[Information shown]
▬▬▬▬▬▬▬▬▬▬

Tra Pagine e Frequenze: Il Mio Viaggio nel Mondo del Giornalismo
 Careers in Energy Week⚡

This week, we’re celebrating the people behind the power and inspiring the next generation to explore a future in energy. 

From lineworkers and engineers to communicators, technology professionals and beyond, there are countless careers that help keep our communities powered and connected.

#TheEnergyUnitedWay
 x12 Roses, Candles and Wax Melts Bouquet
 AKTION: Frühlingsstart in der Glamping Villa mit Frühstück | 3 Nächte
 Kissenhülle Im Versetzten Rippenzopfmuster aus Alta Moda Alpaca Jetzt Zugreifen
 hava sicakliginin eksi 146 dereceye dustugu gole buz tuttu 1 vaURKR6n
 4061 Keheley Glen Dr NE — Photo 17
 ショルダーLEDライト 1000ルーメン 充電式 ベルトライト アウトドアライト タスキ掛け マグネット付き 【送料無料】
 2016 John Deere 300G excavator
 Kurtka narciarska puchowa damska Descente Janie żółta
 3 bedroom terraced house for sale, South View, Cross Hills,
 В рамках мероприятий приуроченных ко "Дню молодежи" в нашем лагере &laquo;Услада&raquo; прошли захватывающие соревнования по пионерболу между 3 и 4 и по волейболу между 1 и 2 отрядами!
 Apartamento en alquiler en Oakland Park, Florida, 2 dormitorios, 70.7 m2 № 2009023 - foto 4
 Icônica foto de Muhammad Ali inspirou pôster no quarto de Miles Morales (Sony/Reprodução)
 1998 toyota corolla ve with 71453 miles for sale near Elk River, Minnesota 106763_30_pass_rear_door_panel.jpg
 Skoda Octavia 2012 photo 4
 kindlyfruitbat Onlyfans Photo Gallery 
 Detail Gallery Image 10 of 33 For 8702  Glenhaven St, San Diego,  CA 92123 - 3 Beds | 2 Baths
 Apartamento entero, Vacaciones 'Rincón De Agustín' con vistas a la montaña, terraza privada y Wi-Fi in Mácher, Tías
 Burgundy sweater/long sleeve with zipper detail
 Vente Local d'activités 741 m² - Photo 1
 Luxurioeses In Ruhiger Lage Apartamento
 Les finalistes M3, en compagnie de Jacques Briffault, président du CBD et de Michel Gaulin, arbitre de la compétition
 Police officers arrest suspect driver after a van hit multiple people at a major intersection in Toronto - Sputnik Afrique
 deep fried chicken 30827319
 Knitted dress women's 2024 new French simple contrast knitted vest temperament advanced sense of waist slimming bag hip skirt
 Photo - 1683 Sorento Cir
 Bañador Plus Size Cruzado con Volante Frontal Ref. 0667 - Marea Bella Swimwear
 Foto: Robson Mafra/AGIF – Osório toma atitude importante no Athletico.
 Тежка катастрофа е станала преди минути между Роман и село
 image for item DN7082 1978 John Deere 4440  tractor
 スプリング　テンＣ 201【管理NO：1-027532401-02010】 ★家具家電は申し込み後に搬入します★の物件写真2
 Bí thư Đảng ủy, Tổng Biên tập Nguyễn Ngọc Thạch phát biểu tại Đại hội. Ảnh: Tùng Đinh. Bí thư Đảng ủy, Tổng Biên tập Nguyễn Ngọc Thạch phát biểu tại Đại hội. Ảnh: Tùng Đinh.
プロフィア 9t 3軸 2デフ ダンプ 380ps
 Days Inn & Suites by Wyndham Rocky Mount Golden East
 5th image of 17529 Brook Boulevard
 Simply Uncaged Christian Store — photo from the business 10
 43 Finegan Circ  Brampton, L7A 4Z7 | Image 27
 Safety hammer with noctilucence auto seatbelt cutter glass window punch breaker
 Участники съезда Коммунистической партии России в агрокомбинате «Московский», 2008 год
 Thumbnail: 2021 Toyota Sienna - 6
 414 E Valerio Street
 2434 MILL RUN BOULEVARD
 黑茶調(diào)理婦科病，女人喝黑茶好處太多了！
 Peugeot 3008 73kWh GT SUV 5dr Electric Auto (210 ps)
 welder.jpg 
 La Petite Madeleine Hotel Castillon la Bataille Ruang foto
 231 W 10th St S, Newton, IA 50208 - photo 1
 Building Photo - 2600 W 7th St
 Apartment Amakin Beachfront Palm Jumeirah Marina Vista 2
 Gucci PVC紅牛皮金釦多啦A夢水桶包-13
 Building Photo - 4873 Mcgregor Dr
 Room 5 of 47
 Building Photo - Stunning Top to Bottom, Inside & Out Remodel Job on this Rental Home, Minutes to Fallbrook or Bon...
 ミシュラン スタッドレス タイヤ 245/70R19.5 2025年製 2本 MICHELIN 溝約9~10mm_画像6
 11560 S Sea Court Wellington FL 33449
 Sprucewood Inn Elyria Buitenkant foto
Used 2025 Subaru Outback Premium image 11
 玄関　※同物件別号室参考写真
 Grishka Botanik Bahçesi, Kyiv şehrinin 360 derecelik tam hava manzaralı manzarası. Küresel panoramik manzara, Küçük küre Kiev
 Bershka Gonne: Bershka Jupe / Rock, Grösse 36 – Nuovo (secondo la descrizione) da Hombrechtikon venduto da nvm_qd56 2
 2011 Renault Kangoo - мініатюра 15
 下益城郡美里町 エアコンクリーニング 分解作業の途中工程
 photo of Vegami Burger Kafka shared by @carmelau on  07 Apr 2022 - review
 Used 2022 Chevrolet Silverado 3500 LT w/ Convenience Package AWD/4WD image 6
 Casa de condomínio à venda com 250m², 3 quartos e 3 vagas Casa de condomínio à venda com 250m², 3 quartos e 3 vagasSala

▬▬▬▬▬▬▬▬▬▬

[Task objective] Where a line above holds the string "Apartamento", copy that line.

[Response]
 Apartamento en alquiler en Oakland Park, Florida, 2 dormitorios, 70.7 m2 № 2009023 - foto 4
 Apartamento entero, Vacaciones 'Rincón De Agustín' con vistas a la montaña, terraza privada y Wi-Fi in Mácher, Tías
 Luxurioeses In Ruhiger Lage Apartamento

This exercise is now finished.